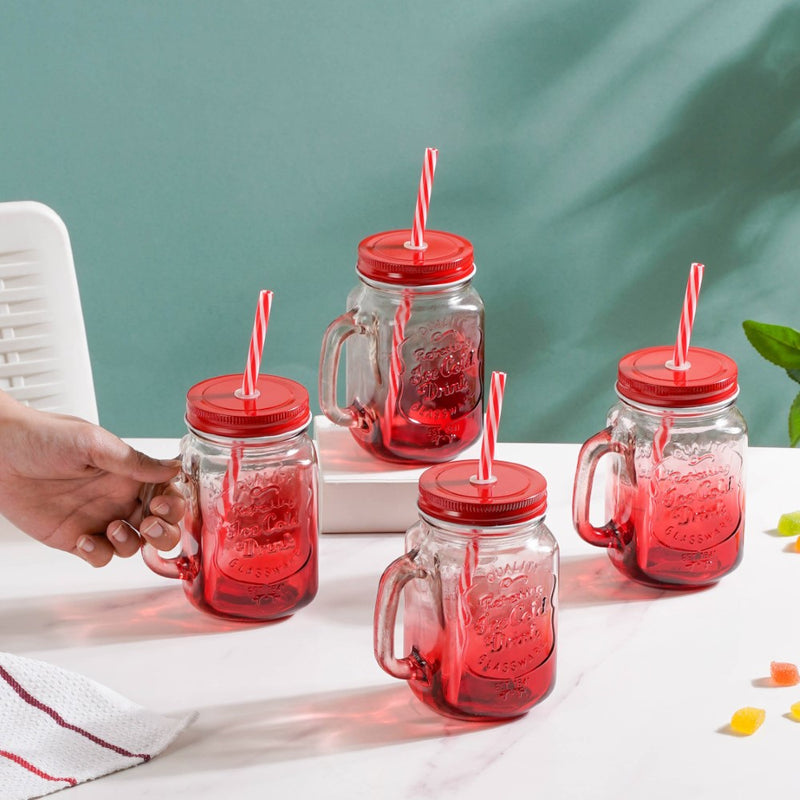 Tutti Frutti Glass Smoothie Jar Red with Lid and Straw Set of 4- Mug for coffee, tea mug, cappuccino mug | Cups and Mugs for Coffee Table & Home Decor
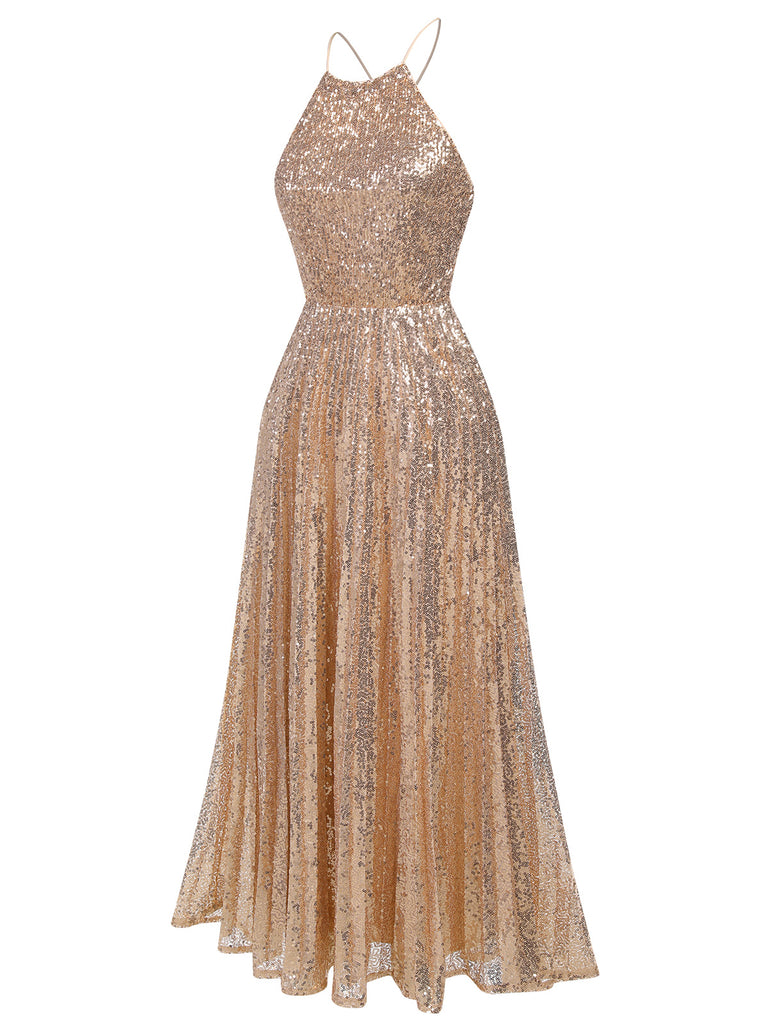 This 1920s Sequined Backless Halter Dress wraps her in 1920s elegance, one twirl at a time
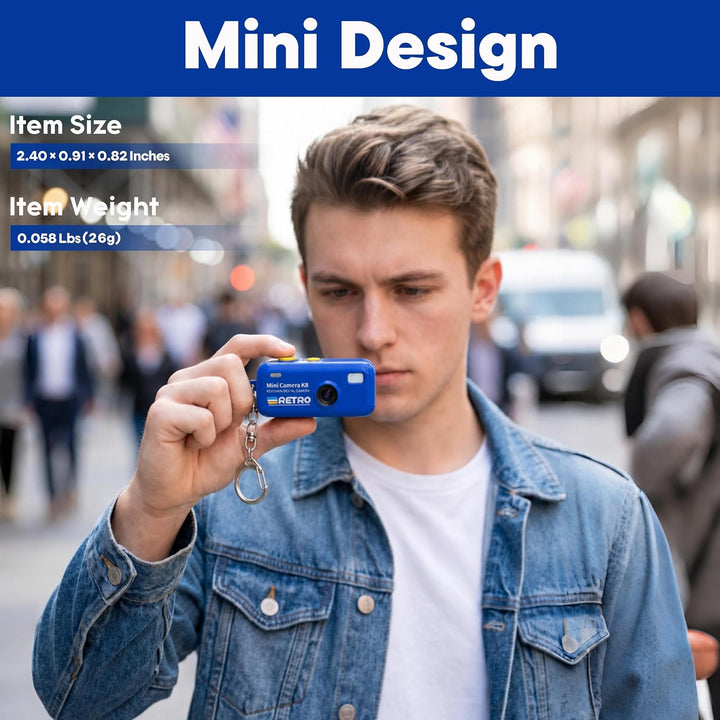 Keychain Digital Camera, 1080P Mini Kamera with 8GB Karte, Foto und Videoaufzeichnung, 12 Filters an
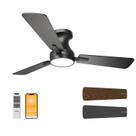 Ventilador de teto OPONL 42 polegadas preto com luz e controle remoto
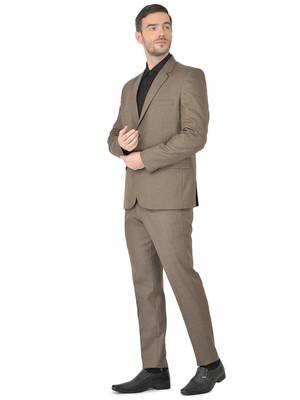 Brown Polyester Blazer With Trouser 2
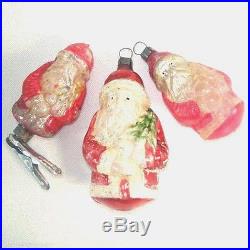 3 Antique German Santa Claus Glass Christmas Ornaments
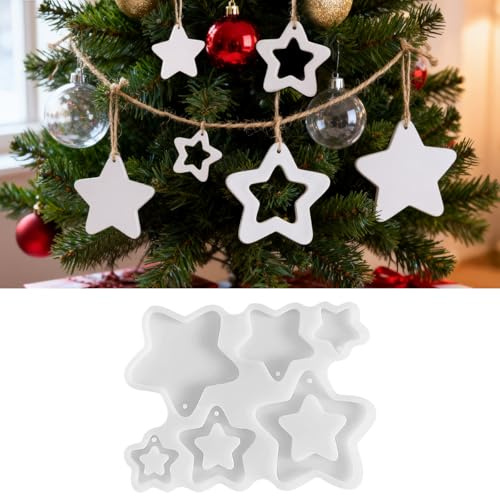 Silikonformen Gießformen Stern Anhänger, Sterne Silikonform Weihnachten, Stern Anhänger Gießform, Epoxidharz Formen Weihnachten Gipsformen zum Gießen für Bastelarbeiten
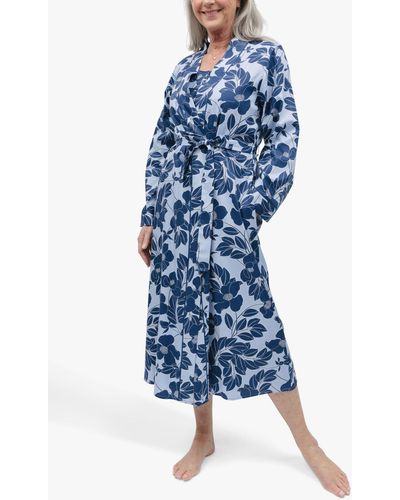 Cyberjammies Evette Floral Dressing Gown - Blue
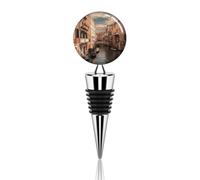 Bouchon de vin décoratif en alliage de zinc avec vue magnifique sur les canaux de Venise. Ce bouchon étanche en silicone réutilisable préserve la fraîcheur du vin et est idéal pour les bars et les f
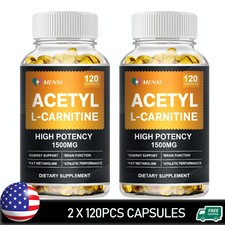 Acetyle L-Carnitine 1000mg 240Capsules Energy Production Supplement High Potency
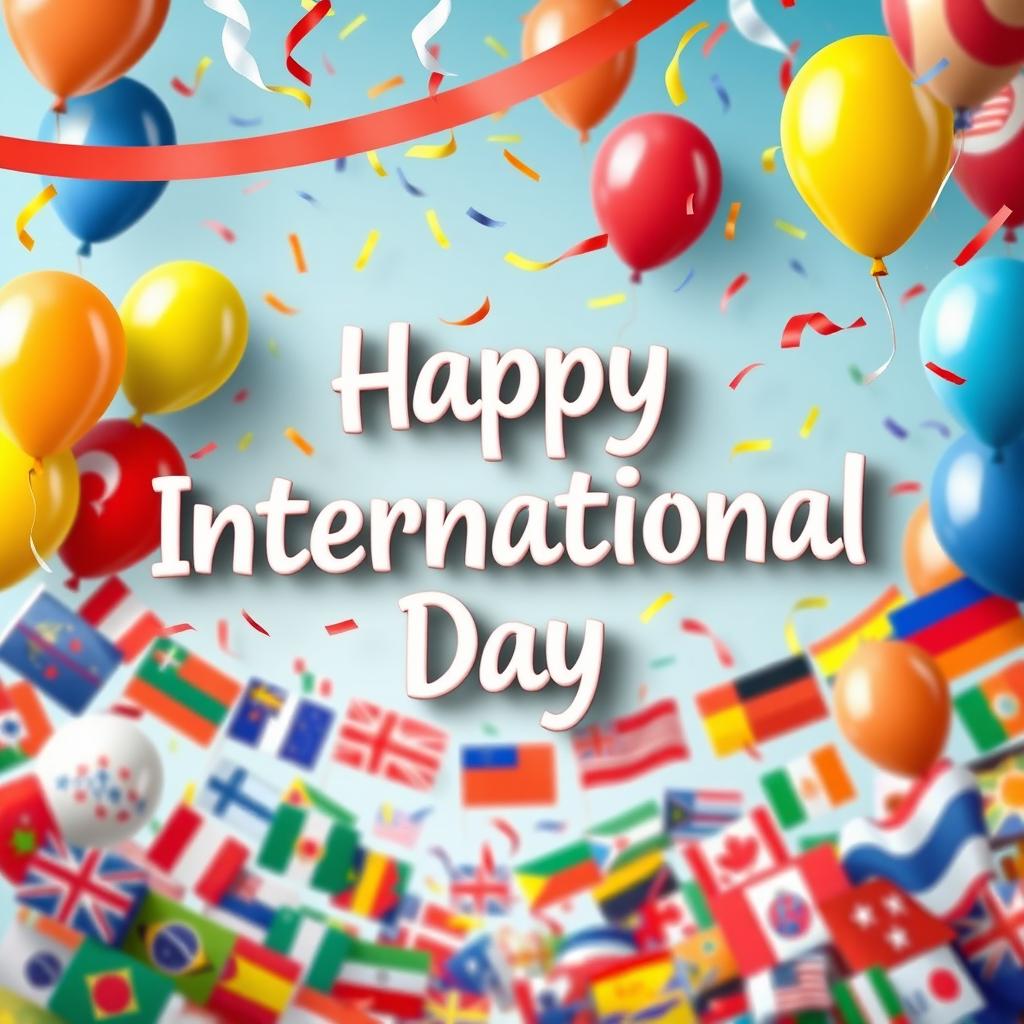 An artistic representation of the phrase 'Happy International Day' elegantly integrated into a vibrant background filled with celebratory elements such as balloons, confetti, and a colorful array of flags from around the world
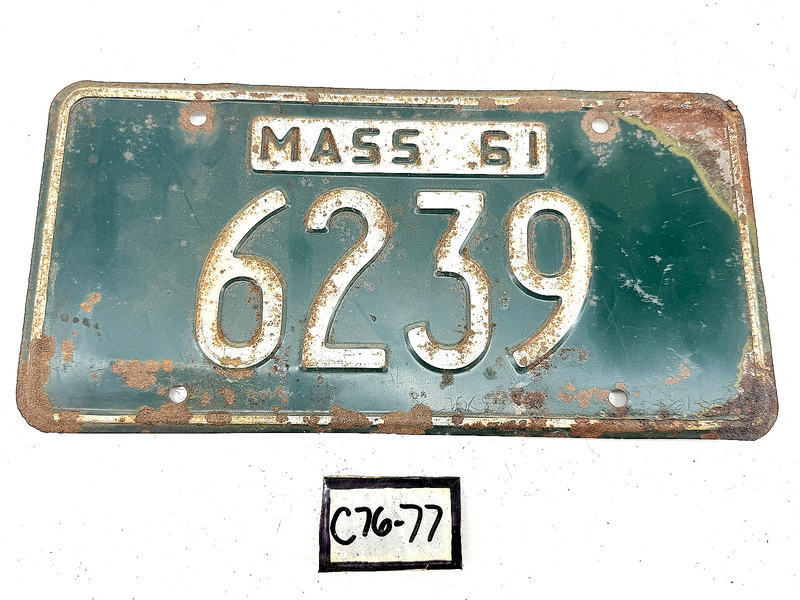 Orig. Paint 1961 6239 Massachusetts License Plate Sign MA 6239 C76-77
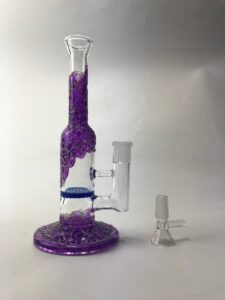 9" Straight Neck Glass Honeycomb Perc Bong For Sale | Free NZ Shipping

» **WHAT NEEDS TO BE DONE**:
Give back exactly the lines from the top of the records to the line containing "This 1920s Sequined", both included, and no pictures.

» **YOUR RESPONSE**:
 Tutti Frutti Glass Smoothie Jar Red with Lid and Straw Set of 4- Mug for coffee, tea mug, cappuccino mug | Cups and Mugs for Coffee Table & Home Decor
 This 1920s Sequined Backless Halter Dress wraps her in 1920s elegance, one twirl at a time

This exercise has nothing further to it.